**Provided material**
+++

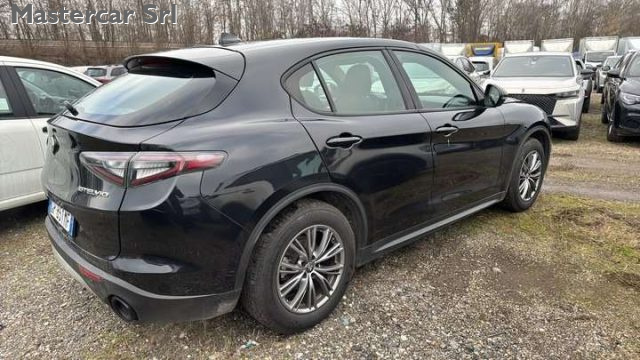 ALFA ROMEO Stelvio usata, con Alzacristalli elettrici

+++

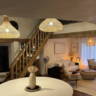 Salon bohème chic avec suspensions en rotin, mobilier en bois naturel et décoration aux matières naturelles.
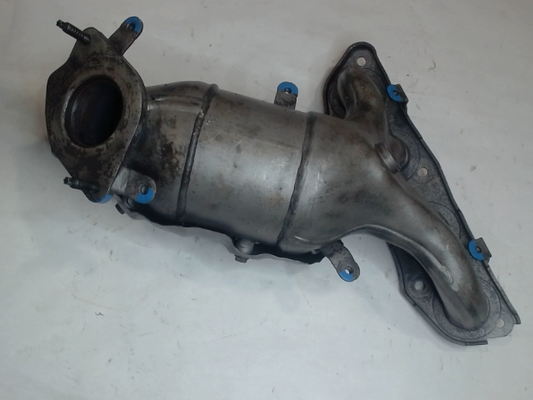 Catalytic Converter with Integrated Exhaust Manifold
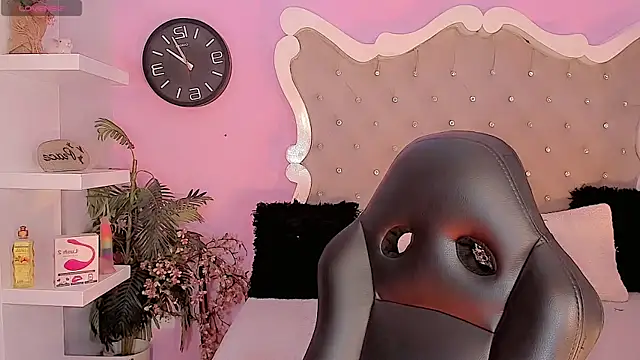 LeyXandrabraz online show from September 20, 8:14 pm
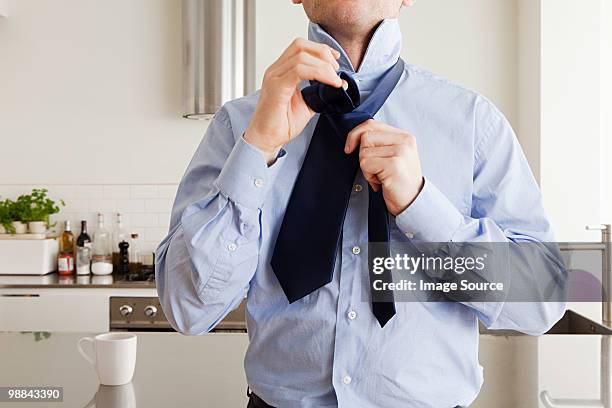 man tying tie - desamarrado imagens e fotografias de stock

+++

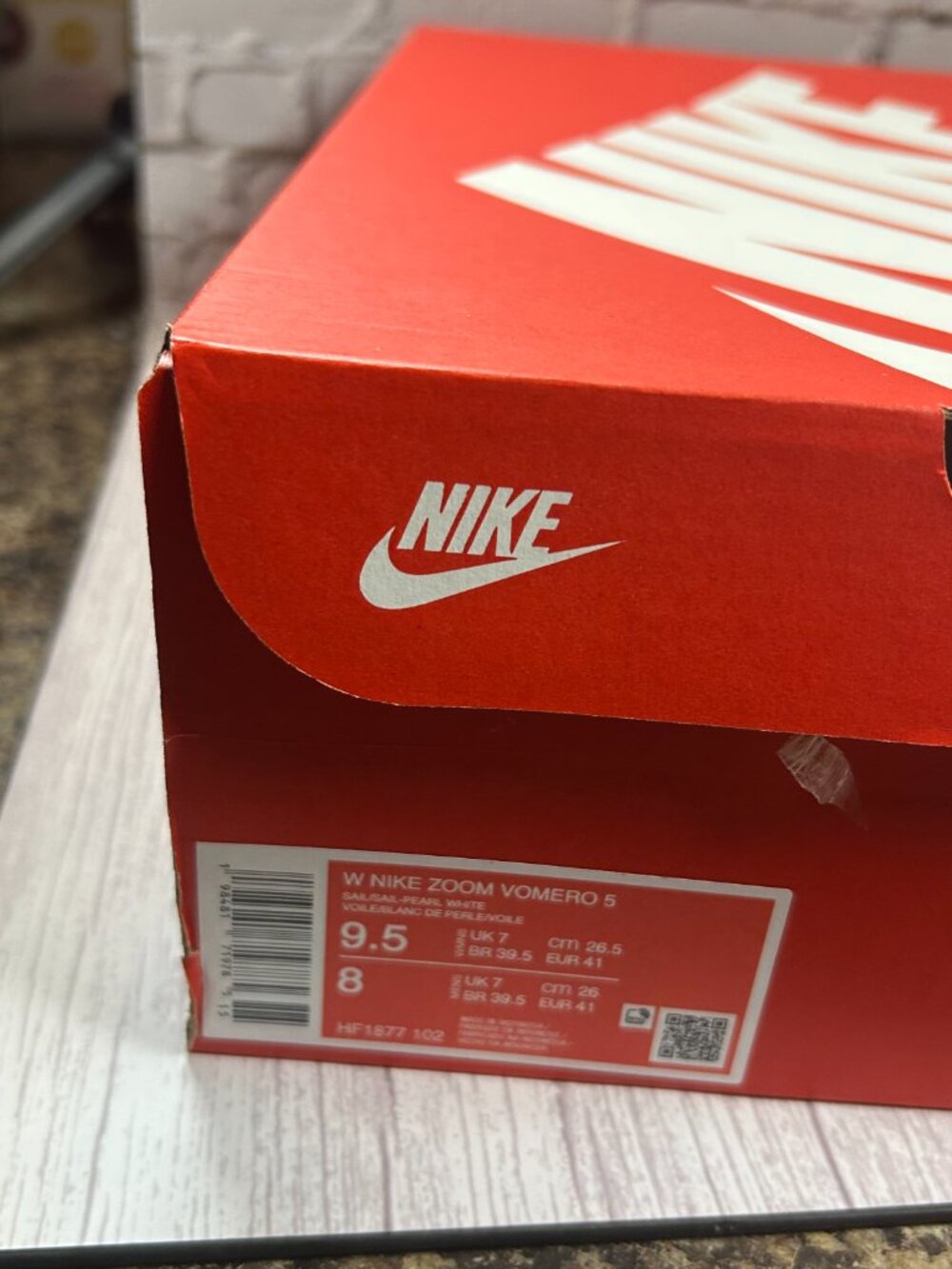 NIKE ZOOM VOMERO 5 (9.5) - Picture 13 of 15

+++

**Problem statement**
Nothing but the lines above, starting at the line that contains "LeyXandrabraz online show" and ending at the line that contains "man tying tie", should be given again, exactly and without the pictures.

**Answer area**
 LeyXandrabraz online show from September 20, 8:14 pm
 man tying tie - desamarrado imagens e fotografias de stock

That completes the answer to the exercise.